Brief => Before copying, set the pictures aside; then repeat every line below verbatim.

==============================

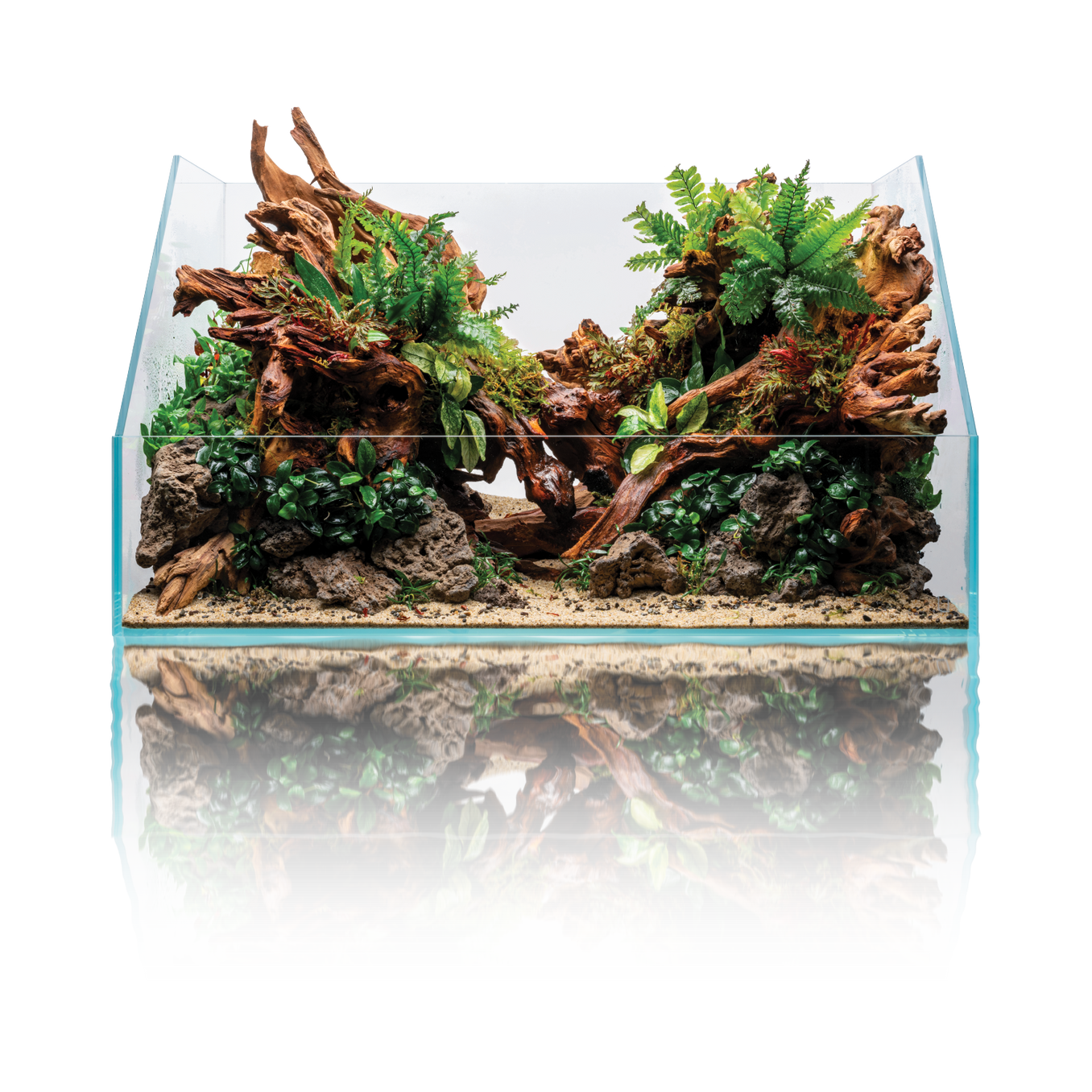 UNS 60E Rimless Paludarium (7 GAL) - Ultum Nature Systems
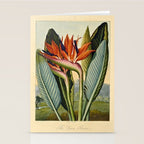 Bird of Paradise (Strelitzia Reginae) from "The Temple of Flora," 1812 (benefitting The Nature Conservancy) Stationery Card Gallery Image 2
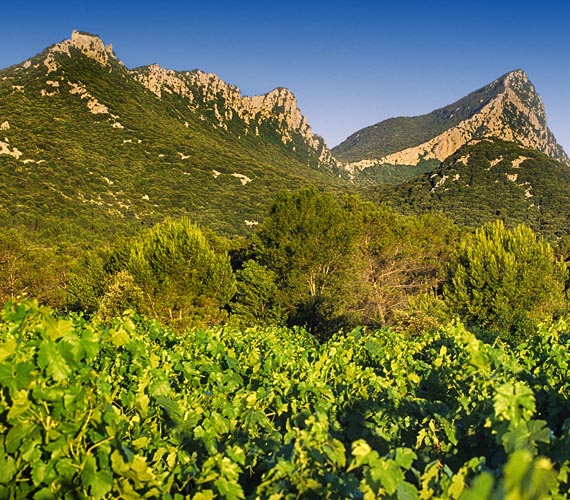 Vignoble Pic St. Loup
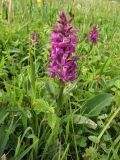 Dactylorhiza × aschersoniana. Цветущее растение. ФРГ, земля Северный Рейн-Вестфалия, р-н Ойскирхен, окр. г. Бланкенхайм, разнотравный луг на склоне с выходами грунтовых вод. 28 мая 2010 г.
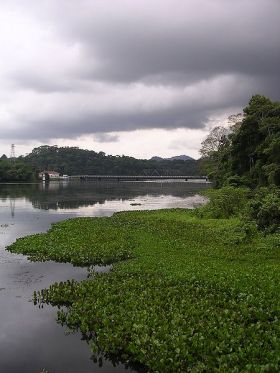 Lake in Gamboa, Panama – Best Places In The World To Retire – International Living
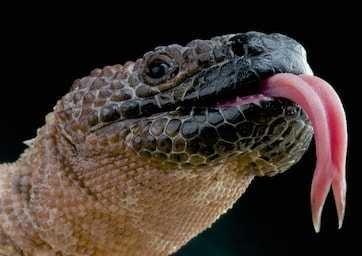 I've been told I have a freakishly long tongue. What does it mean?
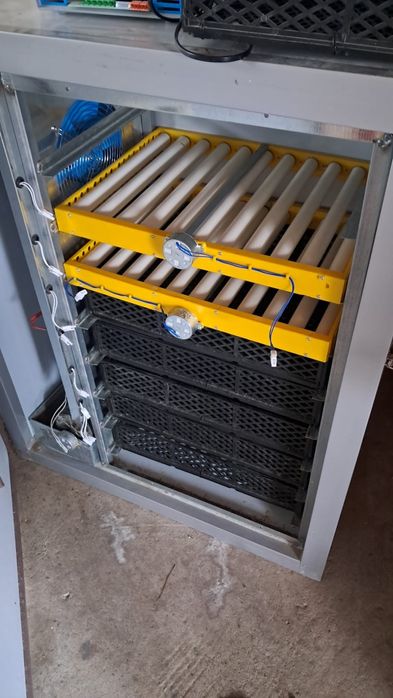 Incubator oua 500buc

==============================

The answer =>
 UNS 60E Rimless Paludarium (7 GAL) - Ultum Nature Systems
 Bird of Paradise (Strelitzia Reginae) from "The Temple of Flora," 1812 (benefitting The Nature Conservancy) Stationery Card Gallery Image 2
 Vignoble Pic St. Loup
 Dactylorhiza × aschersoniana. Цветущее растение. ФРГ, земля Северный Рейн-Вестфалия, р-н Ойскирхен, окр. г. Бланкенхайм, разнотравный луг на склоне с выходами грунтовых вод. 28 мая 2010 г.
 Lake in Gamboa, Panama – Best Places In The World To Retire – International Living
 I've been told I have a freakishly long tongue. What does it mean?
 Incubator oua 500buc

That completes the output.